**WHAT IS BEING ASKED:** In the records below, find the line that contains "Выбор даты возвращения в календаре" and the line that contains "Vase Styly - Gris", then retype exactly those two lines and every line between them.

Start of Block

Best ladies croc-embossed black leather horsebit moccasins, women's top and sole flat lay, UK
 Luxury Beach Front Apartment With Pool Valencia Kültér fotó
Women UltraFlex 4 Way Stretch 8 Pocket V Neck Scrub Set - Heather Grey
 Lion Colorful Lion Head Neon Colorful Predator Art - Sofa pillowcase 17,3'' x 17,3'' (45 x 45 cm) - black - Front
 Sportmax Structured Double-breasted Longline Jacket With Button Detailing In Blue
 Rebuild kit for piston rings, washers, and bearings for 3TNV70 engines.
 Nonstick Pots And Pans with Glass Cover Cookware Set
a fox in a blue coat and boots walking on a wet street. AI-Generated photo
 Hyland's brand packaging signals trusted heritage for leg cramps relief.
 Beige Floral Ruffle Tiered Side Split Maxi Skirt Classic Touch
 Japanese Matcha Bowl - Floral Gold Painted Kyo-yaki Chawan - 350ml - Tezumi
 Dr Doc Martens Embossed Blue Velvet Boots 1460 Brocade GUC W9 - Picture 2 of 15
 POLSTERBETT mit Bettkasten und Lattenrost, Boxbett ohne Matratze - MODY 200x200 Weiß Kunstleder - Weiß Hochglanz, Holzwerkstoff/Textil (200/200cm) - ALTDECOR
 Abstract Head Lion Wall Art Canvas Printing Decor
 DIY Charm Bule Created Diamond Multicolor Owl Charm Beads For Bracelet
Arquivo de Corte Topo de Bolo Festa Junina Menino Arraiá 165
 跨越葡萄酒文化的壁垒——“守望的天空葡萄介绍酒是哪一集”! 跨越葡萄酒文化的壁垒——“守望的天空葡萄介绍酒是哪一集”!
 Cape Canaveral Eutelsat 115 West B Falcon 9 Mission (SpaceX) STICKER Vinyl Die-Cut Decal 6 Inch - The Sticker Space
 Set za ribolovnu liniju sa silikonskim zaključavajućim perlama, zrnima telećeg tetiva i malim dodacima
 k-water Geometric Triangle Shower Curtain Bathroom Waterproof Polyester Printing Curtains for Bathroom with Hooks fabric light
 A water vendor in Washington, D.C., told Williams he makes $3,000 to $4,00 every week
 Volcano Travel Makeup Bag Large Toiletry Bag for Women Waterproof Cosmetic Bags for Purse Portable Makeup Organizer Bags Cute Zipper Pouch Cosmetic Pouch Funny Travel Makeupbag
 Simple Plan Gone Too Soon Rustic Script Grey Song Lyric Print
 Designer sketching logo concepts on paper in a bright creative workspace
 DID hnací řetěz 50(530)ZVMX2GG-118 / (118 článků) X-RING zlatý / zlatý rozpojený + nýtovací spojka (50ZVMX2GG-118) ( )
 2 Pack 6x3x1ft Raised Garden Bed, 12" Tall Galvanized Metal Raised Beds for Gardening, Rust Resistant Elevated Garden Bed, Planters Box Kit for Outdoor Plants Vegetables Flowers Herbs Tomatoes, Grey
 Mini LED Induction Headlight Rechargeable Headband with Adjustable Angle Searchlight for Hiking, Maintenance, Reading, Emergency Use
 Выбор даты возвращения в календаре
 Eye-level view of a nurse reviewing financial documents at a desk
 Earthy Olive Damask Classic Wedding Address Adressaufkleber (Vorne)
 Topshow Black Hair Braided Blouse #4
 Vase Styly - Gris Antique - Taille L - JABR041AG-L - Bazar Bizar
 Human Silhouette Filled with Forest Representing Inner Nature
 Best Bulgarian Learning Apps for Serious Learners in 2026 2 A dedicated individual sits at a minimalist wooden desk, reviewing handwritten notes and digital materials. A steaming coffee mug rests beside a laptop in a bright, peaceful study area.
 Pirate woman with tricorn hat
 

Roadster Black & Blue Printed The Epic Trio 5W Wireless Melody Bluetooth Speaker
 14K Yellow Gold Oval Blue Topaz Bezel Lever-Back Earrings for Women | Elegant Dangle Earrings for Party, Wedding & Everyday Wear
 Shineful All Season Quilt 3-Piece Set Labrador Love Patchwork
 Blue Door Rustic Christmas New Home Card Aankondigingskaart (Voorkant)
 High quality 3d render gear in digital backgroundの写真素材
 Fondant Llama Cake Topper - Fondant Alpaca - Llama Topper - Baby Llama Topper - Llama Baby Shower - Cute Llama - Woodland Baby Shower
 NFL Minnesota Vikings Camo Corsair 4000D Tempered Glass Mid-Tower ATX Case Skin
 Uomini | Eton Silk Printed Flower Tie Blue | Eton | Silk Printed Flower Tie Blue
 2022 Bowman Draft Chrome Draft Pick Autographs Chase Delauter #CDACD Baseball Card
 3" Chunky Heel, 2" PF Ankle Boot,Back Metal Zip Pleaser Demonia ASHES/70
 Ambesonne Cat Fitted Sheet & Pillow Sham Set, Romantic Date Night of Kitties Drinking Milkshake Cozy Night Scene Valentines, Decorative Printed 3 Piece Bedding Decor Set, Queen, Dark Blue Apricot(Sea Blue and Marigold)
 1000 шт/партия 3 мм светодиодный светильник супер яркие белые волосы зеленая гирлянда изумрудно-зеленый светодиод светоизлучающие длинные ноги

End of Block

**REPLY:**
 Выбор даты возвращения в календаре
 Eye-level view of a nurse reviewing financial documents at a desk
 Earthy Olive Damask Classic Wedding Address Adressaufkleber (Vorne)
 Topshow Black Hair Braided Blouse #4
 Vase Styly - Gris Antique - Taille L - JABR041AG-L - Bazar Bizar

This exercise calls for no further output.